Jimmy Sullivan

Personal information
- Full name: James Henry Sullivan
- Date of birth: 14 November 1904
- Place of birth: Burnley, England
- Date of death: May 1974 (aged 69)
- Place of death: Nottingham, England
- Height: 5 ft 8+1⁄2 in (1.74 m)
- Position: Centre forward

Senior career*
- Years: Team / Apps / (Gls)
- 1922–1923: Burnley / 0 / (0)
- 1923–1924: Barrow / 0 / (0)
- 1924–1926: Crewe Alexandra / 36 / (22)
- 1926–1928: Notts County / 22 / (10)
- Total:  / 58 / (32)

= Jim Sullivan (English footballer) =

English footballer (1904–1974)

James Henry Sullivan (14 November 1904 – May 1974) was an English professional association footballer who played as a centre forward.

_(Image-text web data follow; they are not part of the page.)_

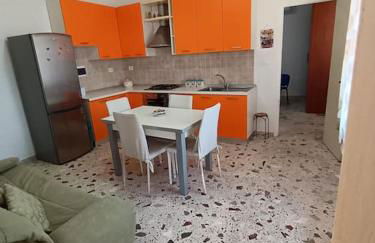 La casa delle farfalle - Foto 16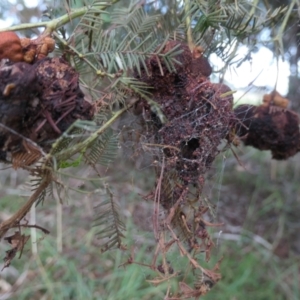 Uromycladium sp. at Molonglo Valley, ACT - 30 Apr 2022 12:50 PM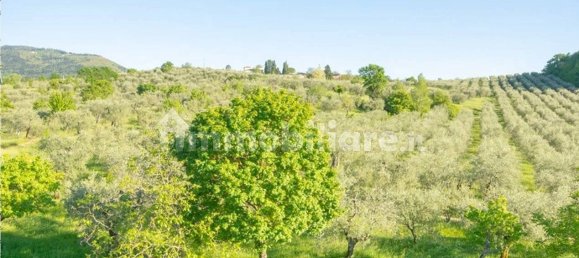 Casa de 10 dormitorios en Pelago, Italy No. 171466 6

As an amateur centre-forward Jimmy Sullivan scored 23 goals for Barrow Reserves, which led to him entering League football with Crewe Alexandra. In his first season at Gresty Road he scored 16 times in 26 Northern Section matches and had added a further six in 10 matches in the next season before joining Notts County in October 1925.

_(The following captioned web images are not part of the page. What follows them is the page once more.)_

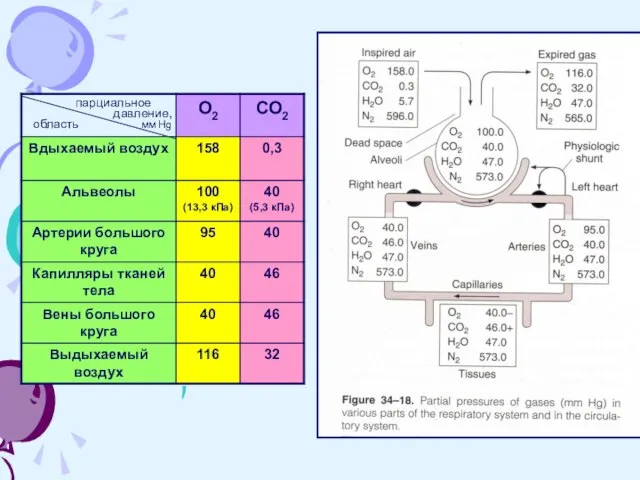 парциальное давление, мм Hg область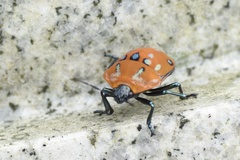 Poecilocoris druraei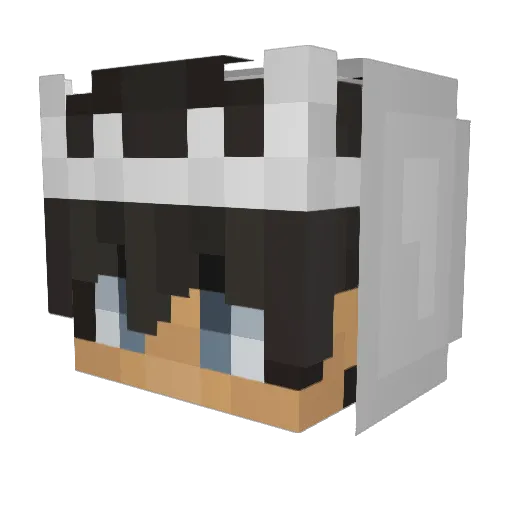 _Shadowblege_ Minecraft avatar head, 3D render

Throughout his time at Burnley, Barrow reserves and Crewe Alexandra Jimmy was training to be a teacher. He was in the final stages of his college course when he joined Notts County and upon qualifying took up a teaching post at Southwark Street School. At the time of his signing, Notts County had lost six of their first eleven engagements, winning only three. They were also the lowest scorers in Division One. The new centre-forward made an immediate impact, scoring twice against Sheffield United on his third appearance. One week later he netted a hat-trick against West Bromwich Albion at the Hawthorns to earn the Magpies a share of the points after they had been three goals down inside a quarter of an hour. Shortly afterwards, in a bruising encounter against Everton, he injured his collar-bone and shoulder ligaments and was out of action for several weeks. The Magpies were relegated from Division One in the same season. Sullivan had scored seven goals in nine matches and one is left with a feeling that the season's outcome might well have been different had their sharp-shooting schoolteacher steered clear of injury.

In his first season with Midland League Grantham Town Jimmy scored 44 goals, and averaged exactly a goal-a-game in 97 matches spread over just three seasons.